§ Exercise description
From the records, pick out and copy each line containing "Foto".

§ Data to examine
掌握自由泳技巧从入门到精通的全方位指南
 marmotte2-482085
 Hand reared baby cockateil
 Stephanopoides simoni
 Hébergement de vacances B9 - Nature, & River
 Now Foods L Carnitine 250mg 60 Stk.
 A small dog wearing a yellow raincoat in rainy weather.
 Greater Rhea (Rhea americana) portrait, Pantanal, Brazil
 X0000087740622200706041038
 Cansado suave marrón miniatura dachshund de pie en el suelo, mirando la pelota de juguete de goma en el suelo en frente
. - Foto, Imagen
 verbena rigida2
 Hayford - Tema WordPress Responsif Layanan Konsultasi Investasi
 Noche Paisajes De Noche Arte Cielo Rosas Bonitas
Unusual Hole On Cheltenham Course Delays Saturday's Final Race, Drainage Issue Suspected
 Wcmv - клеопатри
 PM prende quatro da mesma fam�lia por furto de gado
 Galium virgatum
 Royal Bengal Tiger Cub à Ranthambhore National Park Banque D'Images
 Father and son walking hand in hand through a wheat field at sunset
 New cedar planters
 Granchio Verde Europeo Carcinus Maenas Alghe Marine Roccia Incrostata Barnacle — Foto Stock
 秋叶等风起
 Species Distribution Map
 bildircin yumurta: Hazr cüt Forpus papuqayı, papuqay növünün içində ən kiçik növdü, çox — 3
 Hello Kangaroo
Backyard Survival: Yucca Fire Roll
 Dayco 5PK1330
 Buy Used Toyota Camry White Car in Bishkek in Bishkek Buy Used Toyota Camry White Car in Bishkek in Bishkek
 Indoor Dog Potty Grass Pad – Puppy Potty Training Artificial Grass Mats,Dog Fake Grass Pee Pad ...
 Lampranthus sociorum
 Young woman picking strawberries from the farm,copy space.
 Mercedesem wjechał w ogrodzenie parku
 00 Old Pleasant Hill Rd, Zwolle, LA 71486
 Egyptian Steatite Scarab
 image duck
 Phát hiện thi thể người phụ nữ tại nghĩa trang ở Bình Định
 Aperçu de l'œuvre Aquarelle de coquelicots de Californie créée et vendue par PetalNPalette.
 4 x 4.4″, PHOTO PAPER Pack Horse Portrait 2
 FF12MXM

§ Result for this exercise
. - Foto, Imagen
 Granchio Verde Europeo Carcinus Maenas Alghe Marine Roccia Incrostata Barnacle — Foto Stock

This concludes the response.